U.S. house prices rose 1.1% in April. The S&P/Case-Shiller 20-City Index showed a stronger pace of growth in the three months ending in April. March’s reading was 0.9% higher. Compared to the same period a year ago, prices rose 5.4%, down from 5.5% in March. But there was a stark divide between cities, as usual. Super-hot metros like Portland, Seattle and Denver continue to see double-digit annual price gains, while home prices in older cities like New York and Washington rose only about 2% on an annual basis. Phoenix existing home prices rose 0.7% for April; up 5.5% for the past year.

U.S. consumer confidence moved higher in June. The Conference Board said its consumer confidence index rose to 98 from 92.4 in May. The present situations index rose to 118.3 from 113.2, while the expectations index rose to 84.5 from 78.5. However, the cutoff date was June 16, a week before the British referendum that has roiled financial markets.

Oil prices bounced about 2% today. Still, regular unleaded gasoline fell to $2.30 Monday (the nationwide average price), the cheapest price for this time of year since 2005, according to data from AAA. Consumers are reaping the benefits to the tune of $20 billion. That’s how much AAA estimates drivers have saved at the pump so far this year compared to the same period in 2015; with $5 billion of those savings were in the one-month period since Memorial Day alone.

And we are spending the savings at the pump. Americans spent 12.8 percent more on hotels and motels in the first quarter of 2016 than in the same period in 2014, while food and drink spending rose 16 percent, according to data from the U.S. Bureau of Economic Analysis. Consumers are also fueling their vices, including by spending more money on cigarettes. Not all of those gas savings are going up in smoke, however: Americans are also saving some of it for a rainy day. The average personal saving rate in the first four months of the year rose to 5.6 percent, up from 5.2 percent in the same period in 2015 and 5 percent in 2014.

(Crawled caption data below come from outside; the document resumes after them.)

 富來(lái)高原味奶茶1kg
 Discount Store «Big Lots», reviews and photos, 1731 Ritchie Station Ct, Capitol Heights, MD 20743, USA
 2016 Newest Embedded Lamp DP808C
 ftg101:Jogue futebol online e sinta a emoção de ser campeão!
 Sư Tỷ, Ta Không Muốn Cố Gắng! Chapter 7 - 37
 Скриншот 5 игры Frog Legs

Volkswagen’s price tag to settle lawsuits in the U.S. over its rigging of diesel emissions tests has jumped to more than $15 billion – $5 billion more than previously reported – with a settlement filed in a San Francisco court. VW’s deal includes $10 billion for buybacks of 475,000 polluting vehicles and nearly $5 billion for fines and funds to boost clean-emissions technology. If you own a VW affected by the emissions scandal you may be entitled to cash compensation plus a buyback of the vehicle, or you could wait for a modification to fix the problem. And if you leased an affected car you might also be entitled to cash compensation.

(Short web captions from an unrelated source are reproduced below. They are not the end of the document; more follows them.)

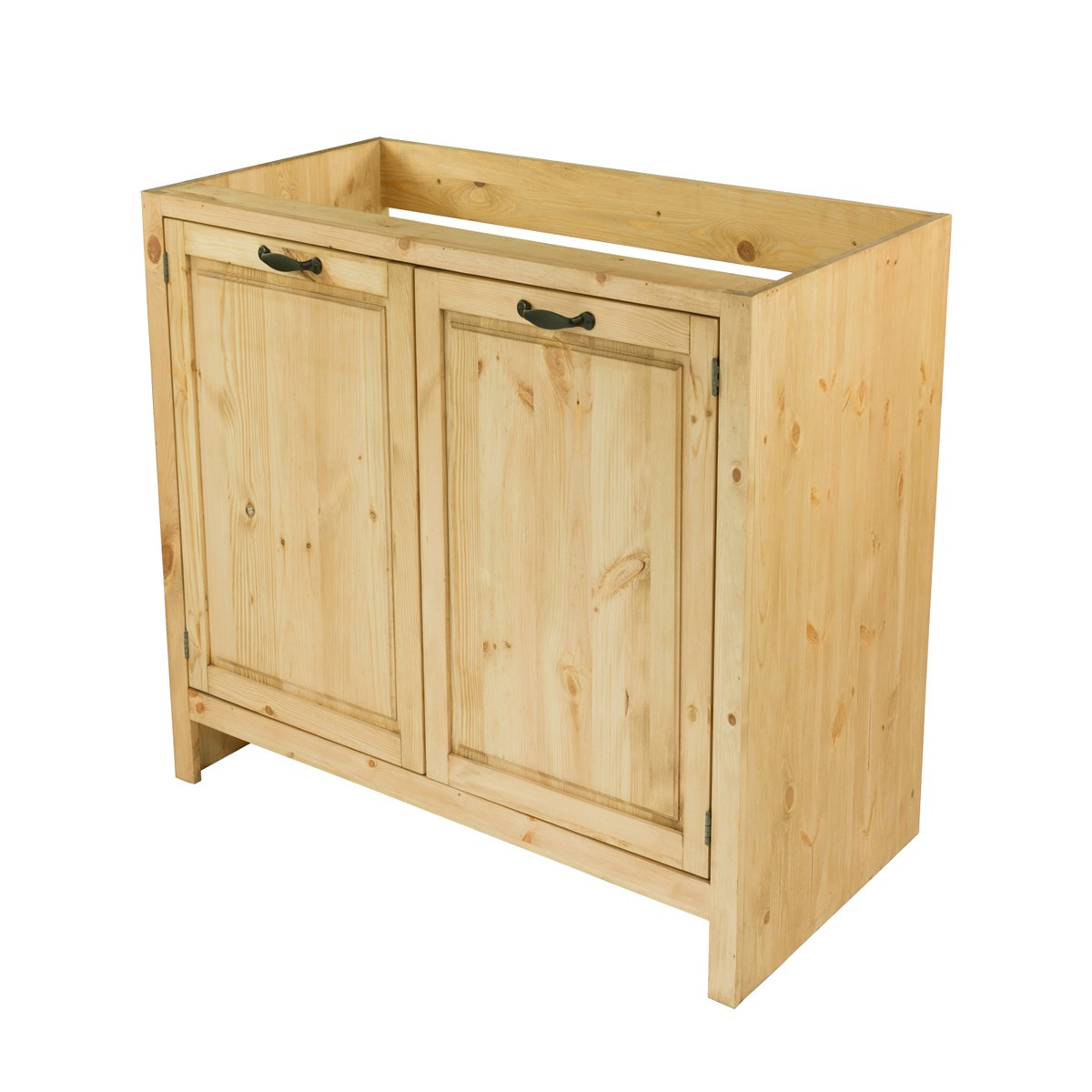 Evier meuble 80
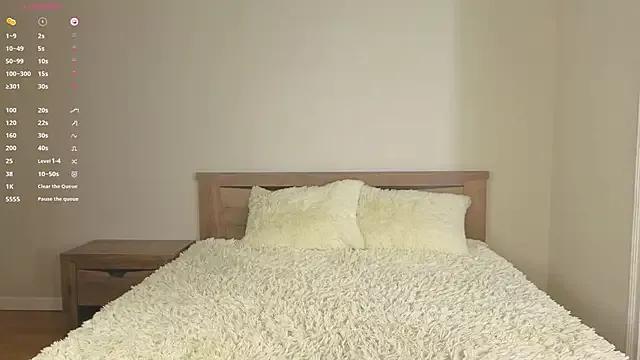 Chloe_lov_ from StripChat is Freechat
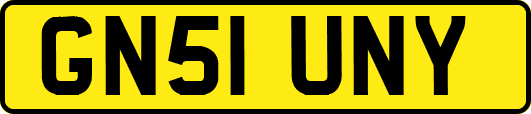 GN51UNY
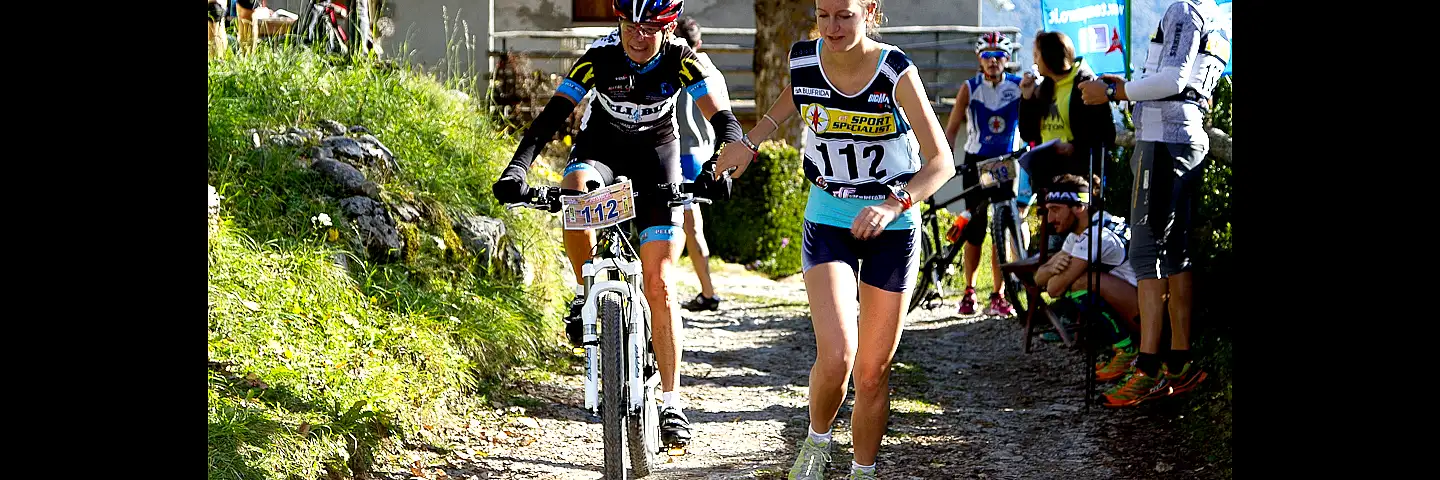 5^ Staffetta DF Sport Specialist 2015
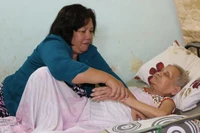 Cảnh sát cứu nạn, cứu hộ: Mong manh lằn ranh sinh tử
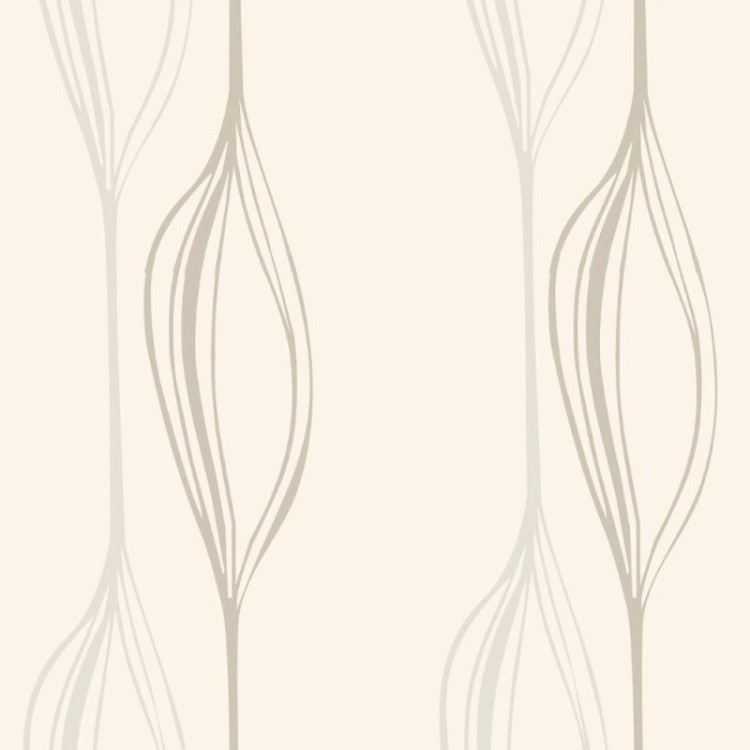 Papel de Parede Adesivo Abstrato Linhas N011020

The U.S. Senate is set to launch a debate for establishing a federal oversight board that would be in charge of restructuring Puerto Rico’s debt where one out of every three dollars it earns in revenue is used to pay creditors. The measure is identical to the plan passed by the House earlier this month, as Congress tries to get something done by July 1, when $2 billion in debt payments come due.

A large “Four Points by Sheraton” sign has gone up outside the Havana hotel that this week becomes the first in Cuba to operate under an American brand since the 1959 revolution. The military-owned Gaviota 5th Avenue Hotel, close to the Caribbean seafront, is one of two hotels that Starwood Hotels & Resorts agreed to manage in a multi-million-dollar deal in March.

Airbnb sued San Francisco. The holiday-rental platform wants to block a law that would force it to remove listings from unregistered hosts or face hundreds of thousands of dollars in fines. It complained that the city is violating federal law by holding it accountable for unregistered apartments.

Biotech news roundup: Endo International has held discussions with Private Equity firms about potential asset sales to reduce its more than $8 billion debt pile. Pfizer is investing $350 million to build its first biotech center in China. Horizon Pharma has hired Bank of America to help it explore selling a significant equity stake that would bolster its balance sheet.

The EU is taking steps that could lead to a third antitrust complaint against Google, this time over its dominance in advertising.  Antitrust charges have been filed against Google for allegedly skewing its search results to favor its own shopping service, and more recently in April, over Google’s conduct with its Android mobile-operating system.